A radicalização da experiência do desamparo não é apenas um fenômeno individual, mas coletivo. As novas formas de política virtualizada, representadas por comportamentos polarizados e distantes da efetiva construção de soluções, evidenciam como o desamparo tomou proporções estruturais. A internet, em vez de ser um espaço de democracia e debate, muitas vezes se transforma em uma plataforma de alienação política e social, contribuindo para a sensação de impotência e frustração.
O Maior Desafio Político de Todos os Tempos
Diante dessa realidade, o desafio político de nossa época é mais complexo do que nunca. Ele não se resume apenas à luta contra o desamparo, mas à necessidade urgente de resgatar a própria possibilidade de uma política verdadeira. Uma política que seja capaz de responder às inquietações do presente e que, ao mesmo tempo, reconstrua a confiança nas instituições e nas capacidades do coletivo. Esse desafio exige a criação de um espaço político que não apenas busque soluções para o outro, mas que, simultaneamente, nos permita reconstruir um sentido de solidariedade e de ação política coletiva.
A solidariedade, em sua forma mais genuína, é a chave para esse resgate. Não se trata de um sentimento de piedade ou de ajuda assistencialista, mas de um vínculo genuíno que reconhece a humanidade do outro e a nossa própria. A solidariedade, nesse sentido, torna-se a ferramenta para criar um espaço político novo, no qual a ação coletiva seja capaz de resgatar a esperança, a participação ativa e a capacidade de transformação.
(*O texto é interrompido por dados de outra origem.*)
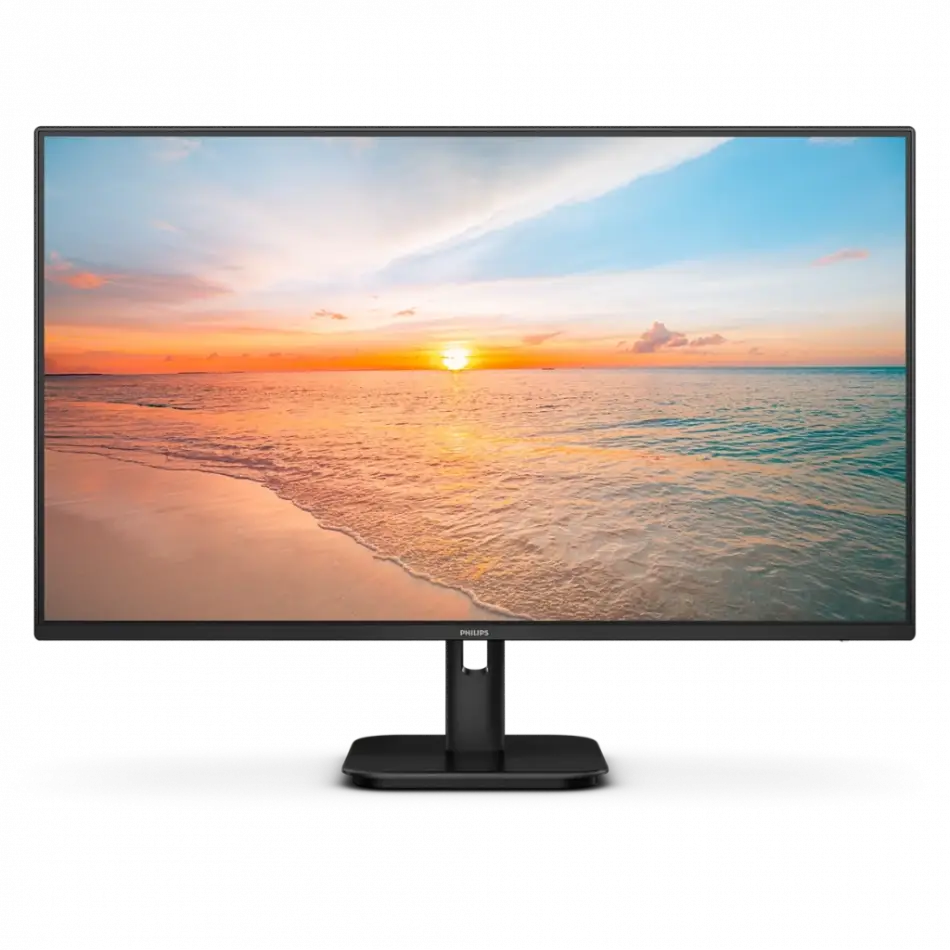 Phılıps 27e1n1200a/01 27 4ms, 120hz, Full Hd, Dp, Hdmı, D-sub, 2x Hoparlör, Ips Panel Monitör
É por meio dessa solidariedade que podemos começar a reconstruir as bases de uma política que seja realmente capaz de fazer frente ao desamparo e de reverter o quadro de fragmentação e isolamento social.
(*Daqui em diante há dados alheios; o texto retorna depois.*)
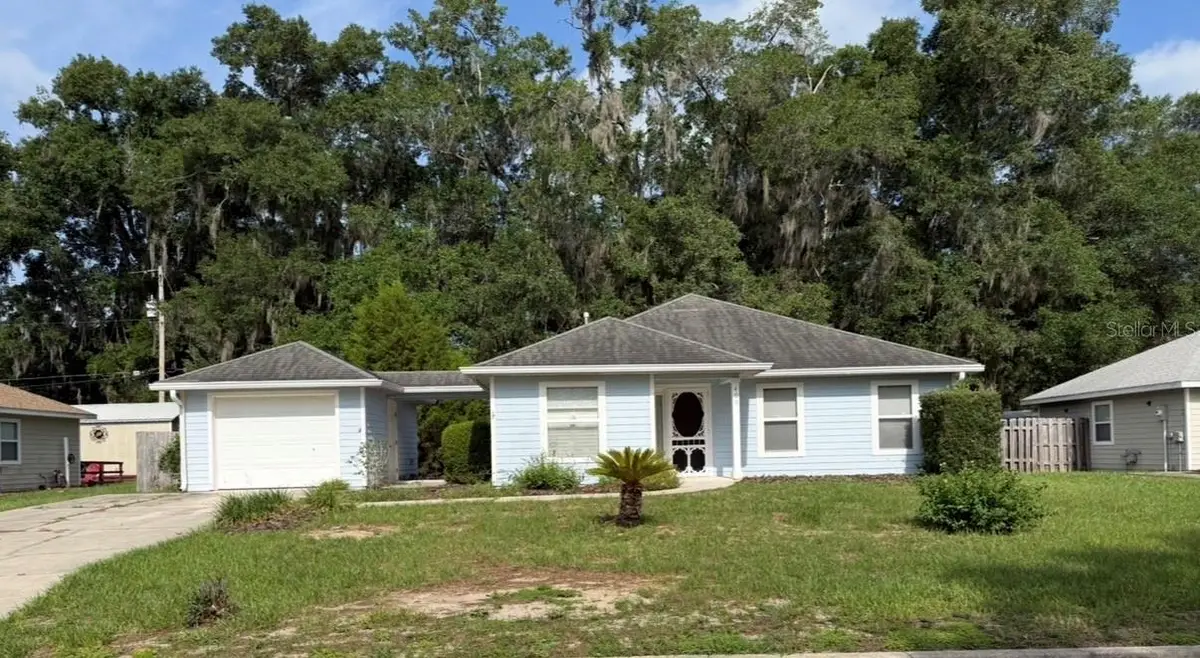 406 NE 45th Terrace, Gainesville, FL 32641 - #1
A Necessidade de Resgatar o Sentido da Política
O resgate do sentido da política não passa apenas pela busca por soluções imediatas, mas pela reinvenção da própria política enquanto espaço de ação coletiva e transformação social. A crise do desamparo nos impõe a reflexão de que a política, em sua forma tradicional, está falida, mas que ainda é possível dar novos rumos ao engajamento político. A criação de um espaço político coletivo, onde a solidariedade e a ação mútua sejam os pilares, é o único caminho para superar o desamparo absoluto que ameaça dominar a experiência humana no contexto atual.